Let’s break the problem down.

1. What are the requestable resources?

In our case, each customer instance is a requestable resource. This list of customers is dynamic and will change over time. We have a AWS Lambda function that runs daily that answers the question: “what is our current list of active customers?”. Then, the function creates a “requestable permission” in Lumos for each customer using the Lumos API.

We can configure these permissions so that they can only be requested for either 2 or 4 hours.


2. Who should be pre-approved?

As said before, security is a constant balance between risk and business value. In our case, if a user is currently on-call for an engineering team, they should automatically be granted time-based access to a specific customer’s instance.

Lumos integrates with PagerDuty, enabling you for example to automatically pre-approve employees who are currently on-call.


3. Slack-based access

During a stressful incident you don’t want the engineer to overthink. We make requesting access easy with our Slack-first flow. In addition to the Slack client there is also the web UI if that is preferable. The end user can pick to get access for, say, 2 hours. However, users don’t always know how long they need access. So, an end user can pick that they want to have access as long as they are on-call, defined in PagerDuty in our case. With Lumos, we support both time-base access and event-bound access.

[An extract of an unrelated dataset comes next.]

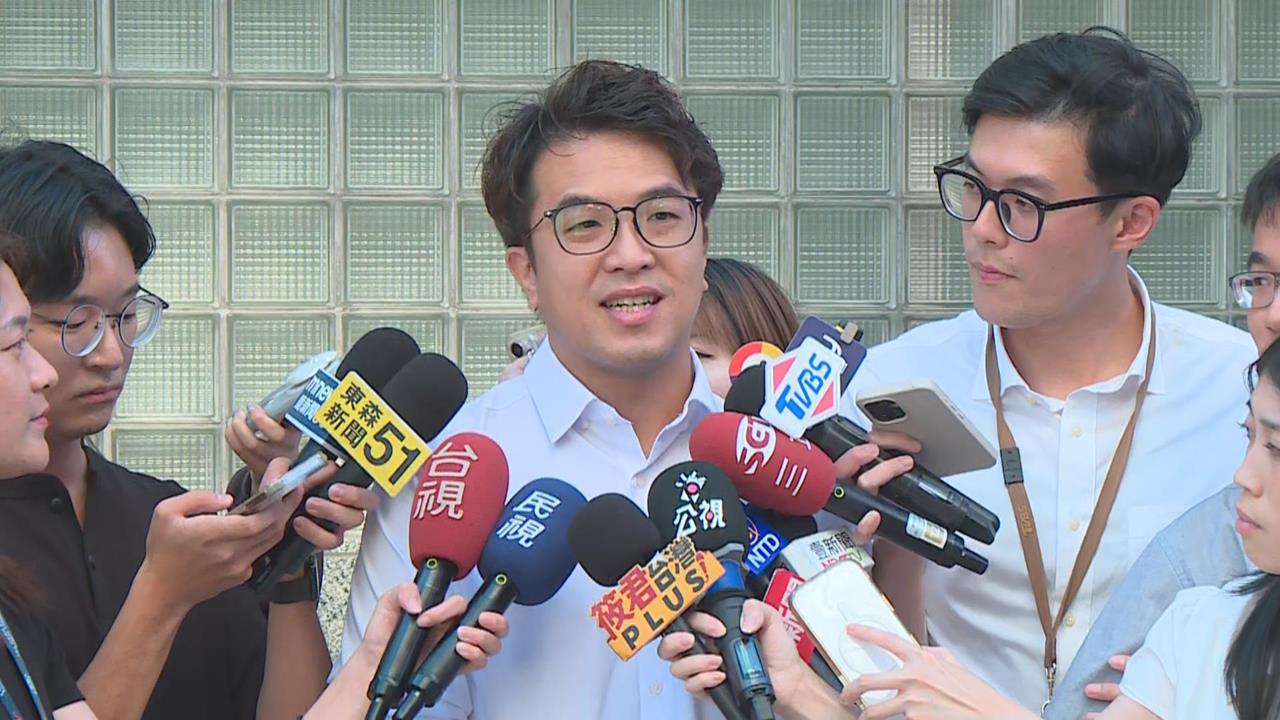 知名男星驚喜力挺！沈伯洋直呼「好感人」　親曝當年1戲盛況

4. Provisioning through webhooks

We have an Okta Workflow set up to call our internal service that provisions access to customer instances. We were then able to set up this workflow as a webhook on Lumos.

5. Automatic time-based deprovisioning

We avoid relying on a human to remember to deprovision access. By restricting the access length to 2 or 4 hours or to the time an engineer is on-call, we are guaranteed that there will be no long-lived access to any customer instance.

This is secure IAM by design rather than by process. It’s less complex, requires less manual work by all parties, and eliminates the possibility of sustained privileged creep.

6. Full Audit Log

When audit time rolls around we won’t need to go through the laborious process of performing a point-in-time access review for all of your internal tooling. We export our audit-logs and prove how access is provisioned and deprovisioned with certain timestamps. Also, we can send all those logs to a SIEM like Sumo Logic or Splunk

Summary

Big enterprises and DoD vendors are trusting Lumos with their data because of our approach to access control. By leveraging our own tool we’ve been able to reduce the complexity and size of access reviews while at the same time strengthening our security posture.

We’re able to make everyone happy: the engineer is happy because they were on-call and were immediately unblocked because of pre-approvals, the security team is happy because that access will be given and revoked automatically, the auditors are happy because this is all recorded in our Activity Log, and sales is happy because even heavily regulated customers trust Lumos to manage their access.

Many other companies have built internal tools for this. Airbnb's Access Manager, GitHub's Entitlement App, Twilio Segment's Access Service, … We built Lumos to streamline what many teams have built internally to prove that a great security tool can both make you more productive and decrease risk.